#' Fit models across all specifications
#'
#' @description Runs the specification/multiverse analysis across specified models.
#' This is the central function of the package and represent the second step
#' in the analytic framework implemented in the package \code{specr}. It estimates
#' and returns respective parameters and estimates of models that were specified
#' via \code{setup()}.
#'
#' @param x A `specr.setup` object resulting from \code{setup} or a tibble that
#' contains the relevant specifications (e.g., a tibble resulting from
#' \code{as_tibble(setup(...))}).
#' @param data If x is not an object of "specr.setup" and simply a tibble, you
#' need to provide the data set that should be used. Defaults to NULL as it is
#' assumend that most users will create an object of class "specr.setup" that they'll
#' pass to `specr()`.
#' @param ... Further arguments that can be passed to \code{future_pmap}. This only becomes
#' important if parallelization is used. For example, if a custom model function is used
#' this involves passing `furrr_options` passing to the argument `.options`.

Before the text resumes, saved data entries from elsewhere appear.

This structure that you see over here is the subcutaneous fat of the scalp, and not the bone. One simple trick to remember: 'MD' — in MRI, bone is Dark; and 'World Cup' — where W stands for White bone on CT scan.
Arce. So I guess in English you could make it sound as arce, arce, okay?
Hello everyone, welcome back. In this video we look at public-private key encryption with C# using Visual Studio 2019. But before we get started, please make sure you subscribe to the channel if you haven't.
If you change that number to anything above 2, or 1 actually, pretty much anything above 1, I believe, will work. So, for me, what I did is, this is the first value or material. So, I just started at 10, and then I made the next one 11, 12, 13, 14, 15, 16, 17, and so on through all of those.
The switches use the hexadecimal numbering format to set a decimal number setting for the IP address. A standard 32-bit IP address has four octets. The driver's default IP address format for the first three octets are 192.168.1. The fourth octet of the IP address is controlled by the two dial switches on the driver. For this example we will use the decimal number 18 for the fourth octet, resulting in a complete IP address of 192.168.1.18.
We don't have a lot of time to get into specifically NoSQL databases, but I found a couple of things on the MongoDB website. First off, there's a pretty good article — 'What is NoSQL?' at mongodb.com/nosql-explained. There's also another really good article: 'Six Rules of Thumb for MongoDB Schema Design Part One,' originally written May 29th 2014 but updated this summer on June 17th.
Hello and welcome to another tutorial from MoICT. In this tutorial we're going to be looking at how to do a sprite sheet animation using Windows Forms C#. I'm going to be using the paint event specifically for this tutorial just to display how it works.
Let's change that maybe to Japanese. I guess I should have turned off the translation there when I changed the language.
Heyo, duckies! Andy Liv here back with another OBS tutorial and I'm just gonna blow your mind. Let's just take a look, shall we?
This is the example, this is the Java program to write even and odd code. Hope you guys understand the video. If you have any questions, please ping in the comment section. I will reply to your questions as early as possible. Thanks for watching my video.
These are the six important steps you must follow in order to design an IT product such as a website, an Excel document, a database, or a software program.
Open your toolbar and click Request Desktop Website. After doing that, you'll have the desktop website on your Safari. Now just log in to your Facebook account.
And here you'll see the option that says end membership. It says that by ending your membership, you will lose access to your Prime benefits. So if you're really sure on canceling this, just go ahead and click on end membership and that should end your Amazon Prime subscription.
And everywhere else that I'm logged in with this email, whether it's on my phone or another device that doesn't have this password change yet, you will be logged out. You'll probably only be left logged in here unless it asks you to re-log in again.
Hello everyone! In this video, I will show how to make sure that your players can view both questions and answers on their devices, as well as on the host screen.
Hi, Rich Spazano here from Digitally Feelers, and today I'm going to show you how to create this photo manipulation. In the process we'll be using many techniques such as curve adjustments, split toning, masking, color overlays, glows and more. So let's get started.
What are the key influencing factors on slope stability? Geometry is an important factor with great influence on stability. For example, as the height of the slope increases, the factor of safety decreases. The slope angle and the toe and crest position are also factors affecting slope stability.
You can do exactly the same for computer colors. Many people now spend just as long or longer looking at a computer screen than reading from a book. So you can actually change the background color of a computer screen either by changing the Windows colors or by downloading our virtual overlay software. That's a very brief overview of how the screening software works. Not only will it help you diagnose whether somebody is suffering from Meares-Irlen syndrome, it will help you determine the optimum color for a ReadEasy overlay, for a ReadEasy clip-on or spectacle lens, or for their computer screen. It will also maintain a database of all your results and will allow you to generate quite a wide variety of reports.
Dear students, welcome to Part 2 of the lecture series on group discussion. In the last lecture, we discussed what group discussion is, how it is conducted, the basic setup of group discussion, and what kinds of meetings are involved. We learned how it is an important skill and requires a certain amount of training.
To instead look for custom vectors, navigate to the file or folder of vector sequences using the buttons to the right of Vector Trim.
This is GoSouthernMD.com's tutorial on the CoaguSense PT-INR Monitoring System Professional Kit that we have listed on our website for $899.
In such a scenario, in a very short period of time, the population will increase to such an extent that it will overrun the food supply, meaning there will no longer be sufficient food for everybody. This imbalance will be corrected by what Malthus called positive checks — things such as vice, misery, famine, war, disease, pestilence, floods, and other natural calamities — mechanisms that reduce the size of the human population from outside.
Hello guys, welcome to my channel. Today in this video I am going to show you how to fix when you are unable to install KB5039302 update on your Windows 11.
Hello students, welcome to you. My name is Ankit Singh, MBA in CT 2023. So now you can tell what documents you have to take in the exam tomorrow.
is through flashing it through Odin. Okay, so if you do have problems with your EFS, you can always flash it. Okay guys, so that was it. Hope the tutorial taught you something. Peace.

#' When a plan for parallelization is set, one can also set `.progress = TRUE`
#' to print a progress bar during the fitting process. See details for more information
#' on parallelization.
#'
#' @return An object of class \code{specr.object}, which includes a data frame
#' with all specifications their respective results along with many other useful
#' information about the model. Parameters are extracted via the function passed
#' to \code{setup}. By default this is \code{broom::tidy()} and the function
#' \code{broom::glance()}).Several other aspects and information are included in
#' the resulting class (e.g., number of specifications, time elapsed, subsets
#' included in the analyses). Use \code{methods(class = "specr.object")} for
#' an overview on available methods.
#'
#' @details Empirical results are often contingent on analytical decisions that
#' are equally defensible, often arbitrary, and motivated by different reasons.
#' This decisions may introduce bias or at least variability. To this end,
#' specification curve analyses (Simonsohn et al., 2020) or multiverse
#' analyses (Steegen et al., 2016) refer to identifying the set of
#' theoretically justified, statistically valid (and potentially also non-redundant
#' specifications, fitting the "multiverse" of models represented by these
#' specifications and extract relevant parameters often to display the results
#' graphically as a so-called specification curve. This allows readers to
#' identify consequential specifications decisions and how they affect the results
#' or parameter of interest.
#'
#' \bold{Use of this function}
#'
#' A general overview is provided in the vignettes \code{vignette("specr")}.
#' Generally, you create relevant specification using the function \code{setup()}.
#' You then pass the resulting object of a class \code{specr.setup} to the
#' present function \code{specr()} to run the specification curve analysis.
#' Further note that the resulting object of class \code{specr.object} allows
#' to use several generic function such as \code{summary()} or \code{plot()}.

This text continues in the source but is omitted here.